By O’Brien Kimani
The Kenyan economy has shown resilient growth this year to remain one of the fastest-growing in the world.
Experts say 2017 is expected to be a critical year for the economy with looming elections, a sluggish global economic growth and the full impact of Brexit.
The Kenyan economy is projected to grow at a 6 percent pace above the 3 percent and 2.5 percent growth for Africa and the world.
After growing at a rate of 5 percent in the last four years, the Kenyan economy is now entering a critical year as the country gears for what is being billed as one of the most competitive elections in the history of the nation.
Political noise is expected to slow Foreign Direct Investment as most investors enter into a wait and see mode. The economy has been a global star performer to outpace many economies in the world.
At a projected growth rate of 6.5 percent the Kenyan economy is expected be to one of the fastest growing in the world. But economic experts agree on one thing, the road ahead is tough.
The World Bank predicts that Kenya’s economy will grow by 6% in 2017 and 6.1% in 2018. The bank says public investment, loose monetary policy and closer integration in the East African Community will support Kenya’s economy in 2017.
However, rising political uncertainty regarding presidential elections in August next year and sluggish world economic growth will put pressure on growth.
In 2016, the banking sector experienced what would perhaps be one of the biggest shake ups in the industry after President Uhuru Kenyatta signed into law the Banking Amendment Act which caps interest rates at 4 percent above the Central Bank Rate.

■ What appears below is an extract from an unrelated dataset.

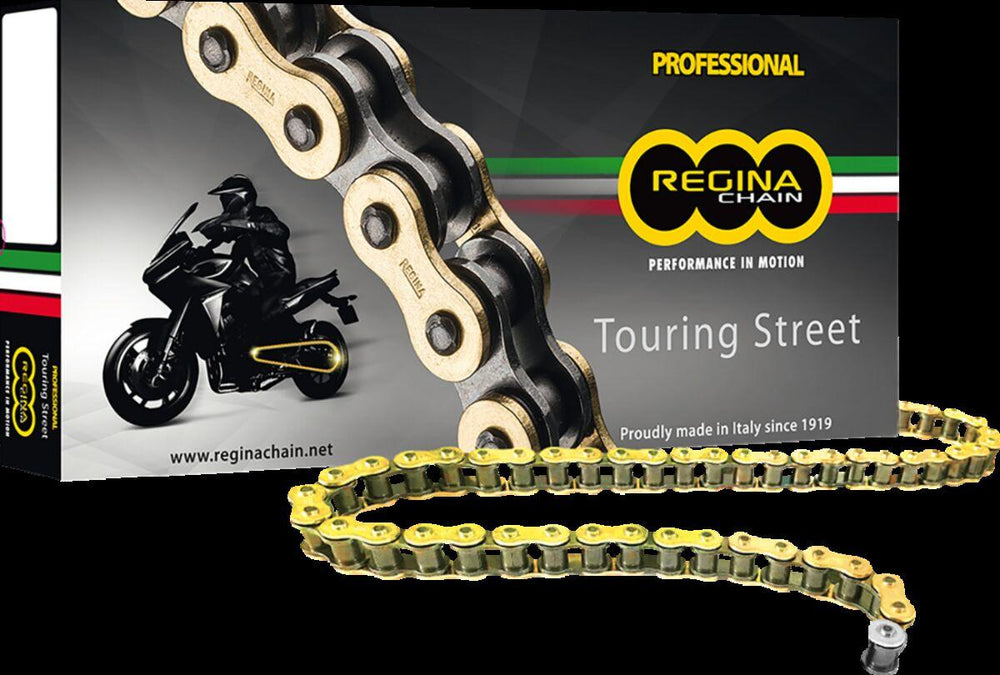 Regina 530 ZRT Chain 114 Links - Black/Gold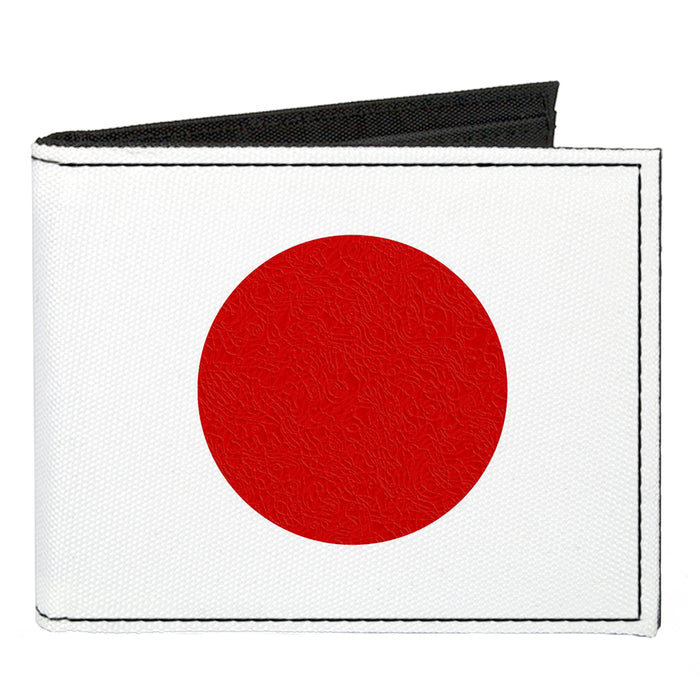 Canvas Bi-Fold Wallet - Japan Flag Canvas Bi-Fold Wallets Buckle-Down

This would prompt commercial banks, amid protests and uncertainty, to reduce their interest rates from an average of 20 percent to 14.5 percent in line with the new law.
According to the World Bank, the capping of lending rates for commercial banks could also pose a risk to economic growth.
The National Treasury forecasts Kenya’s economy will grow 6 percent in 2017 and by 7% a year in the medium term before accelerating to 10 percent by the year 2020.
According to the Kenya National Bureau of Statistics (KNBS) quarterly report, Kenya’s economy expanded by 6.2% in the second quarter compared to 5.9% in the same period in 2015.
This growth was mainly supported by agriculture, transportation; real estate and retail trade. Manufacturing, construction, financial and sectors slowed down during this quarter.
On 28th November, the Central Bank of Kenya (CBK) held its main policy rate on hold at 10.00%. The Bank had cut the interest rate at its previous meeting in September in a bid to support lending to the private sector.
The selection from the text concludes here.